1. Field of the Invention
The present invention relates to an apparatus and method for continuous casting of steel including the step of induction-heating a molten steel surface in a mold and producing cast products having improved surface characteristics.
2. Description of the Related Art
In general, the surface characteristics of cast products obtained by continuous casting of steel are strongly dependent upon the condition and manner in which molten steel begins to solidify in the mold, that is, the conditions of the initial solidification.
The conditions of initial solidification are determined by a variety of factors such as (1) vibration (if any) of the mold; (2) friction (lubrication) of the mold and the cast products; (3) loss or escape of heat conditions in the vicinity of the meniscus on the molten steel surface; (4) flow characteristics of the molten steel in the mold, and others.
The initial solidification conditions are actually determined by many factors that influence each other in a complicated manner. Above all, it is believed to be important to provide and achieve special control of the thermal conditions existing at the meniscus in order to obtain cast products having good surface characteristics.
In order to vary the applicable thermal conditions, various methods are available such as varying the rate of heat escape by using various mold materials, and by heating the meniscus from outside the mold.
As disclosed in Japanese Patent Publication No. 57-21408, in a conventional mold used for continuous casting, an induction heating coil is arranged at the rear of a coiling plate of a mold made of copper. Since copper has high electrical conductivity, it is necessary in order to effectively heat the molten steel either to provide a low frequency to the induction heating coil, or, if a high frequency is applied, the thickness of the copper plate must be reduced as much as possible to approximately 1 mm, for example.
However, if low frequency is applied in such a case, the molten steel in the mold is stirred so as to become contaminated with mold powder, impairing the quality of the product.
If the thickness of the copper plate is further reduced, the copper plate is vulnerable to damage by heating, with the serious result that when the molten steel is brought into contact with cooling water in the mold, a steam explosion is likely to occur.
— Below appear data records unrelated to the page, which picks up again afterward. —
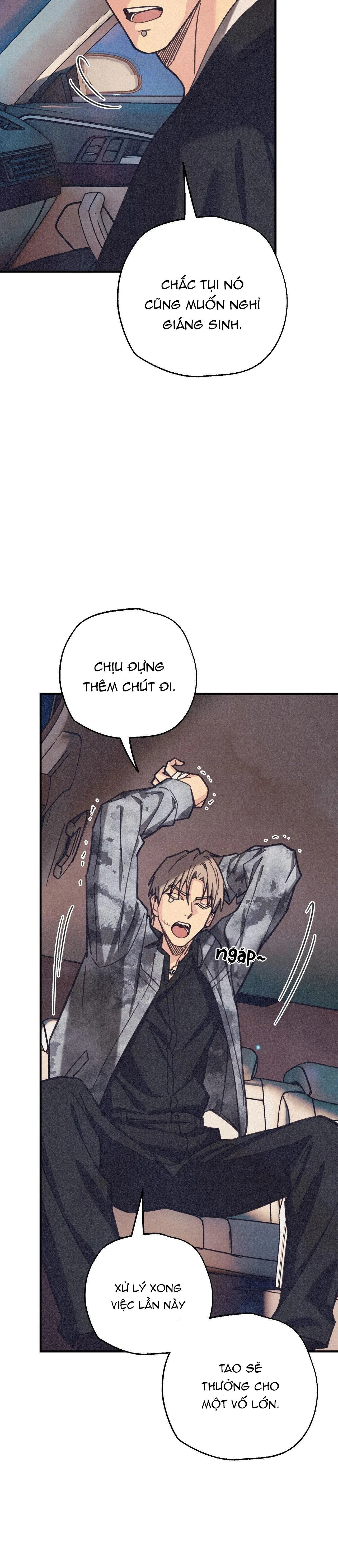 BĂNG ĐẢNG SAMGEORI Chapter 11 Trang 50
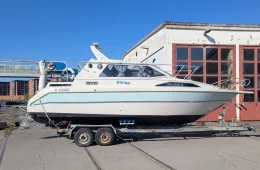 Yamarin 850 Big Game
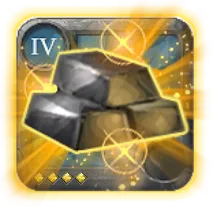12 × Pristine Steel Bar
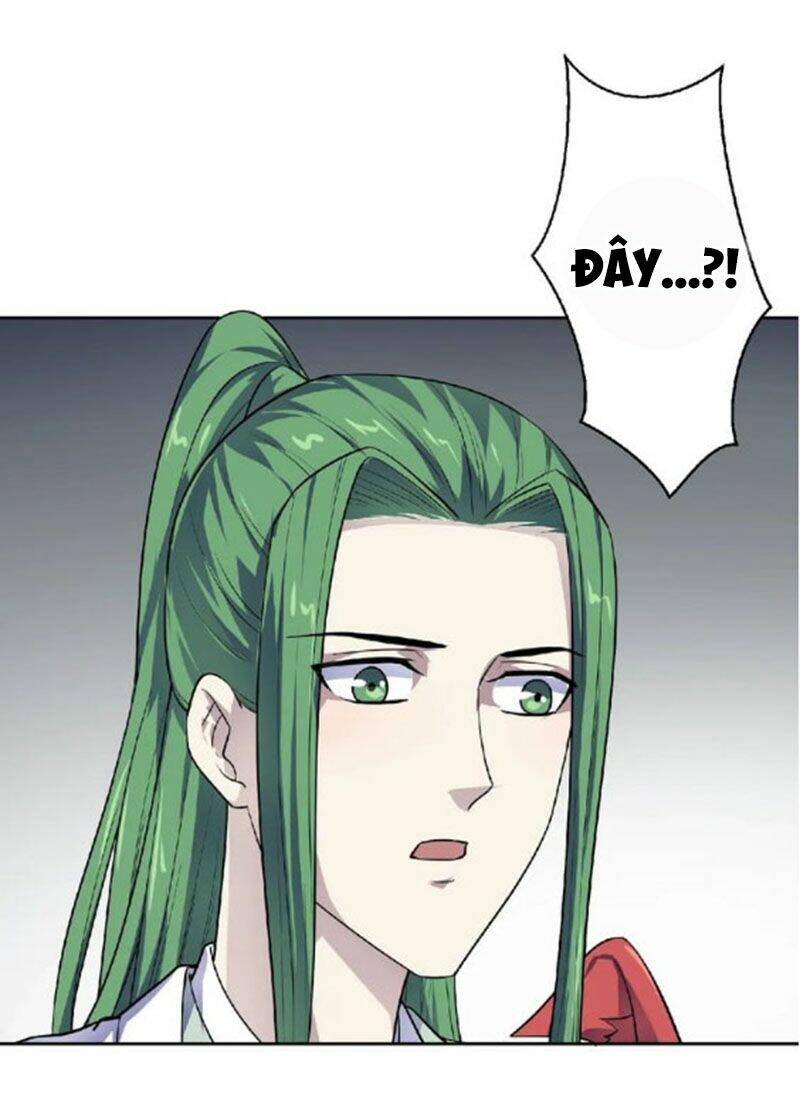 nghịch thiên đại thần chapter 55.5 30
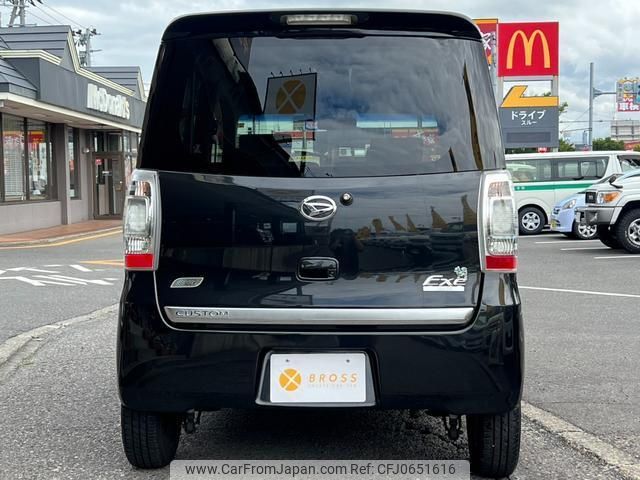 daihatsu tanto-exe 2013 quick_quick_DBA-L455S_L455S-0081931 image 2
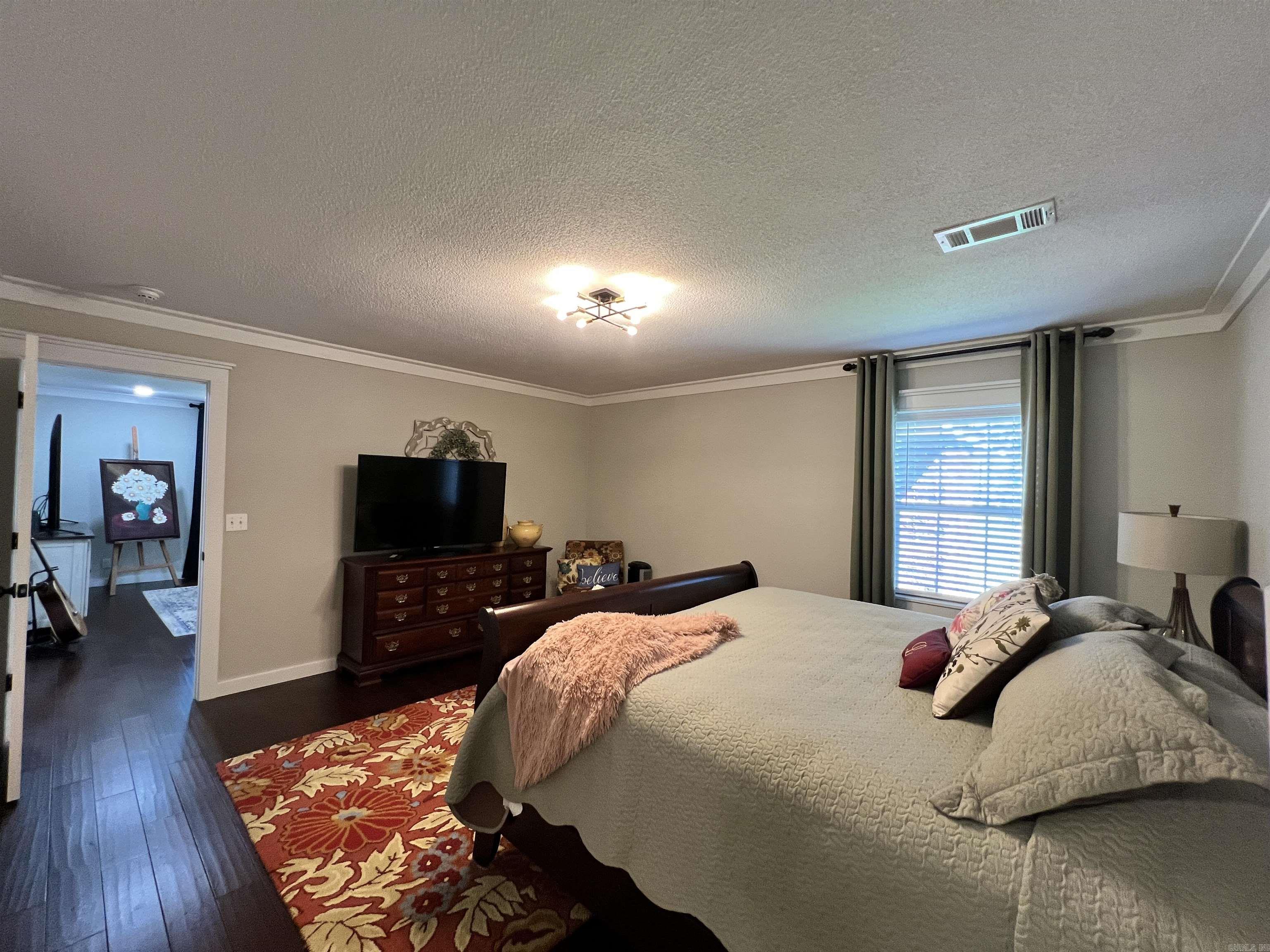 108 E Victory  Star City, AR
Variation of thermal conditions can be achieved by changing the mold material, including the use of a Ni--Cr--Fe alloy having low heat conductivity and high strength at a high temperature, as disclosed in Japanese Patent Laid-Open No. 3-264143.
However, a serious drawback of this approach is that the thermal conditions at the meniscus cannot then be controlled with precision or accuracy. For example, the thermal conditions at the meniscus are at least partially dependent upon the casting conditions, such as the casting speed and the temperature of the molten steel introduced into the mold, causing ineffective results similar to those produced when conventional copper molds are used.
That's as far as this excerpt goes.